For the listing that follows, give again exactly the lines from the one with "How to Set Up" to the one with "Sunlit Forest Stream (Print Only)", including both.

■ Working data:
╔══
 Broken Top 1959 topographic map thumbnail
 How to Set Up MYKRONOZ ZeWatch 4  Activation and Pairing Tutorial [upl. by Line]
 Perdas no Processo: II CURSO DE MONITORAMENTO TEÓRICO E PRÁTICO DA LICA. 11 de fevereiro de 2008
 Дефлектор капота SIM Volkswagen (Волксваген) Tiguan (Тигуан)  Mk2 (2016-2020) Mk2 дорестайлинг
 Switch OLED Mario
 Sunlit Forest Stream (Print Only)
╚══
╔══
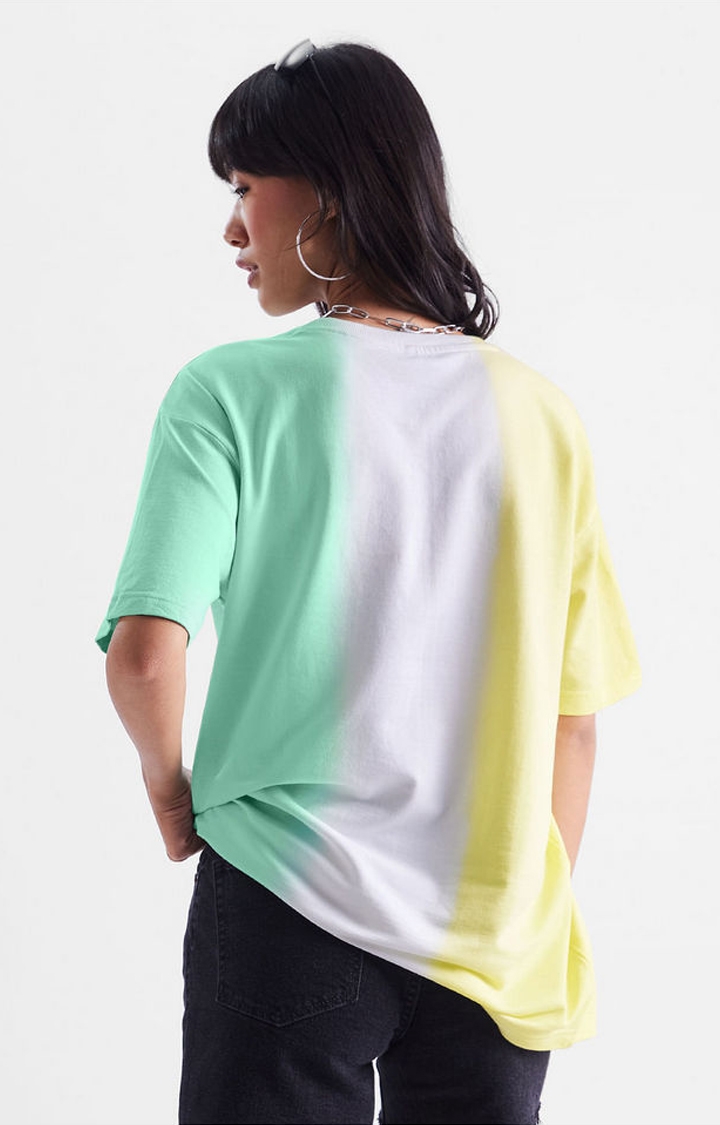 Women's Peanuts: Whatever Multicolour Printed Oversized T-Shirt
╚══
╔══
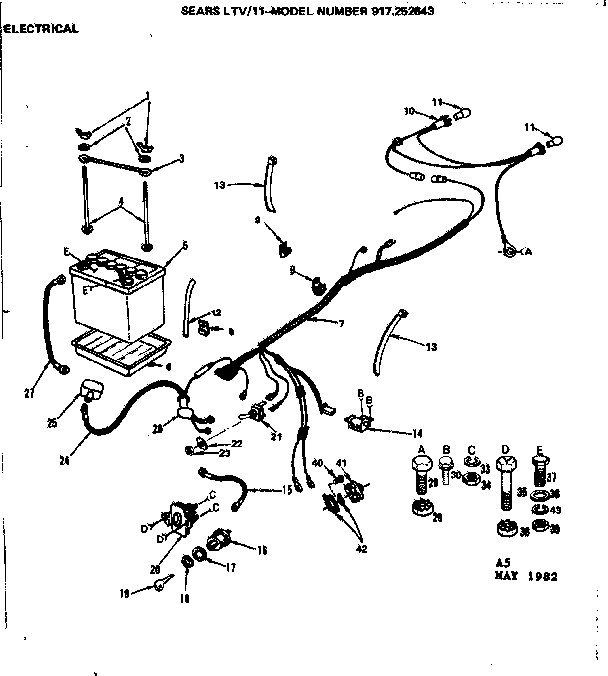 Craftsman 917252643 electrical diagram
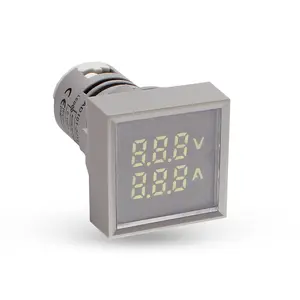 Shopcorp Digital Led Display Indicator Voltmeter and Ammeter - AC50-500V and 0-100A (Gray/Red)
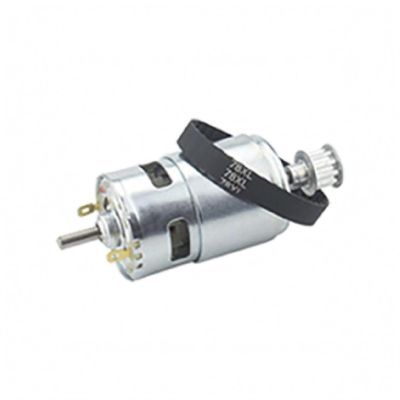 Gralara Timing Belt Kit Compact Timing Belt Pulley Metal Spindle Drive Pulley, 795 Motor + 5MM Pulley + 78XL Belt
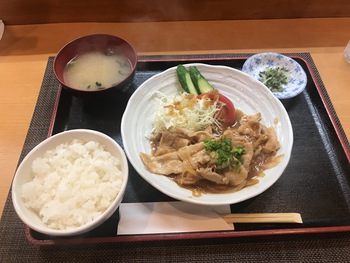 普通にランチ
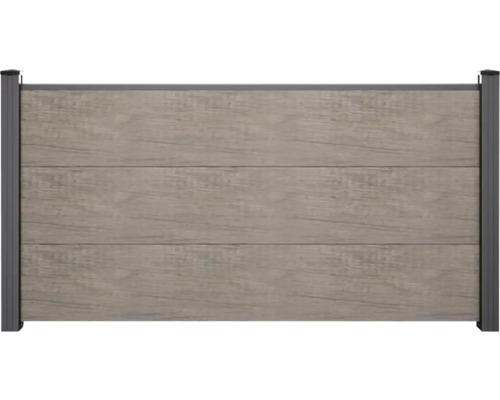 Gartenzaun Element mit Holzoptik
╚══
■ Task answer:
 How to Set Up MYKRONOZ ZeWatch 4  Activation and Pairing Tutorial [upl. by Line]
 Perdas no Processo: II CURSO DE MONITORAMENTO TEÓRICO E PRÁTICO DA LICA. 11 de fevereiro de 2008
 Дефлектор капота SIM Volkswagen (Волксваген) Tiguan (Тигуан)  Mk2 (2016-2020) Mk2 дорестайлинг
 Switch OLED Mario
 Sunlit Forest Stream (Print Only)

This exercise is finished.